Over 85% of Americans (and I would guess this percentage is quite consistent in most western-world countries such as Australia) use significant amounts of caffeine on a daily basis, but very few know much about this freely available psychoactive substance. Yet there is a complex, confusing and apparently contradictory array of claims about its effects on human health.
The British Medical Journal stated in an editorial in 1976:
“What is it in man’s devious make-up that makes him round on the seemingly more wholesome and pleasurable aspects of his environment and suspect them of being causes of his misfortunes? Whatever it is, stimulants of all kinds (and especially coffee and caffeine) maintain a high position on the list of suspicion, despite a continuing lack of real evidence of any hazard to health”

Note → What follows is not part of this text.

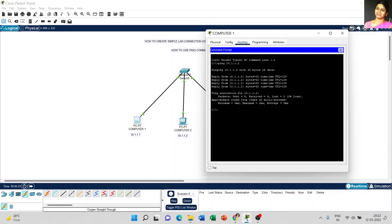The message we receive from Computer 2 — IP address 10.1.1.2 — with 32 bytes of data. The reply from Computer 2 shows 32 bytes, time taken is 1 millisecond, and TTL (time to live) is 128. Ping statistics for 10.1.1.2: packets sent is 4, received 4, lost is 0. Approximate round-trip time: minimum 0ms, maximum 1ms, average 0ms.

Siegried Heyden in his “Coffee and Cardiovascular Disease” said:
“Coffee and caffeine have long been supected of causing illnesses ranging from myocardial infarction, arrhythmias, herpertension, hyperlipidemia, gout, and anxiety, to fybrocystic breast disease, various cancers and birth defects, and osteoporosis. No other agent in the human environment has been as frequently associated with such a variety of chronic-degenerative, even malignant diseases”.
Yet despite numerous disturbing claims of this mood-altering drug’s effects on the body, caffeine shows no sign of surrendering its sovereign position in the hierarchy of humanity’s drugs of choice.